0

I'm trying to extract content of a div with PHP, independent of a class name and other parameters.

What I need is, I have multiline, single line, multiple parameter div such as


<div class="my-class additional-class"><div class="my-class2">
<div class="my-class"></div>
</div>

</div>

and I would like to get all the content of the first div, without the first div.

<div class="my-class2">
<div class="my-class"></div>
</div>

Normally, I'd guess

<div.*>(.*)<\/div>/mU

should have worked but I'm not sure why it doesn't.

I've came across this one

(?s)(?<=<div\sclass="test">\n).*(?=<\/div>)

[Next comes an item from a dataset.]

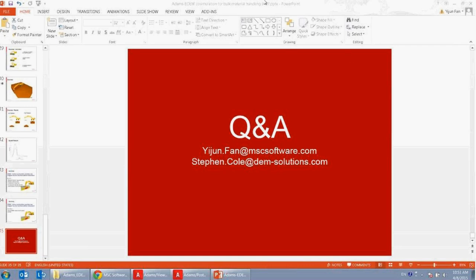Questions can be submitted in the Q&A window and will be answered during the next ten minutes or followed up via email.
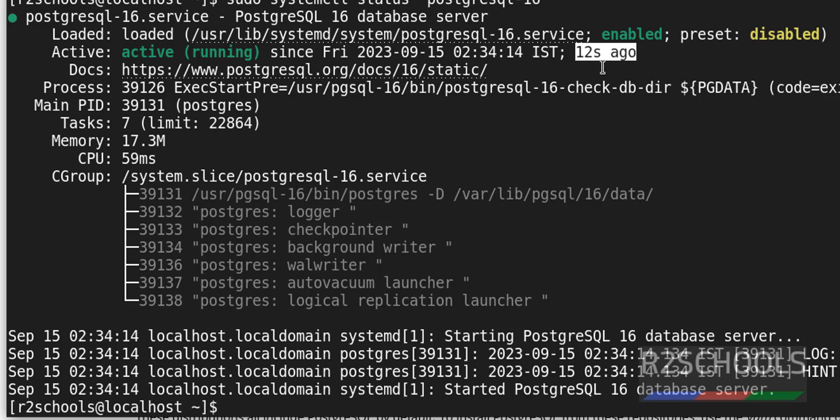So in this video we have seen how to install and configure PostgreSQL server version 16 on Red Hat Enterprise Linux. Then we have seen how to connect to PostgreSQL server. Then we have seen how to create a database and a user on PostgreSQL 16 version. Then we have seen how to start, stop, and restart the PostgreSQL server. For more PostgreSQL server tutorials please subscribe my channel. Thank you.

which works with a class name test but I couldn't make it work as

(?s)(?<=<div.*>\n)(.*)(?=<\/div>)

Any help is appreciated.

Thank you,

MeCe
  • 445
  • 2
  • 5
  • 12
  • 4
    Better you use `DOM` parser – anubhava May 11 '21 at 06:43
  • DOM parser is my second option. I don't think it would work as good as regex in this matter. – MeCe May 11 '21 at 06:51
  • And why don't you think it would work as good as a regex in this matter? Considering that regular expressions are generally not capable enough to process the html language? And considering that a DOM parser _is_ capable of that? – arkascha May 11 '21 at 07:15
  • DOM parser doesn't work and needs time to figure out the correct encoding in some cases. You would need to figure out `mb_detect_encoding` and `mb_convert_encoding`. Also some users don't install XML on their server. – MeCe May 11 '21 at 07:29
  • Wrong dupe as this question is asking to find content of outermost `div` only and there is no answer that has an answer like provided below. – anubhava May 12 '21 at 16:13

3 Answers3

5

Here is a way to get it using DOM parser:

<?php
$html = '<div class="my-class additional-class"><div class="my-class2">
<div class="my-class"></div>
</div>
</div>';

$doc = new DOMDocument();
$doc->loadHTML($html); // loads your html
$elems = $doc->getElementsByTagName('div'); // find all div elements
$outerdiv = $elems->item(0); // outermost div
echo $outerdiv->childNodes[0]->C14N() . "\n"; // print inner HTML

/*
<div class="my-class2">
<div class="my-class"></div>
</div>
*/
?>

If you really want a regex solution then use:

~<div[^>]*>(.*)</div>~is

and grab capture group #1.

anubhava
  • 761,203
  • 64
  • 569
  • 643
  • 1
    Yep, that's exactly what I wanted. I don't know why I couldn't think of this :) Thank you – MeCe May 11 '21 at 07:18
3

Instead of .*, you should use [\s\S]* to match every character including new lines.

Here's a working example:

<div.*?>([\s\S]*)<\/div>

See the test case


Also if you want the tags must to be balanced, you could try this with recursion (?R):

<div.*?>((?:(?!<\/?div)[\s\S]|(?R))*)<\/div>

See the test case, notice it's not match the last </div> since there's no corresponding opening tag for it.

Hao Wu
  • 17,573
  • 6
  • 28
  • 60
0

Maybe you should use non-greedy solution:

<div.*?>(.*)</div>
Jiri Fornous
  • 402
  • 4
  • 10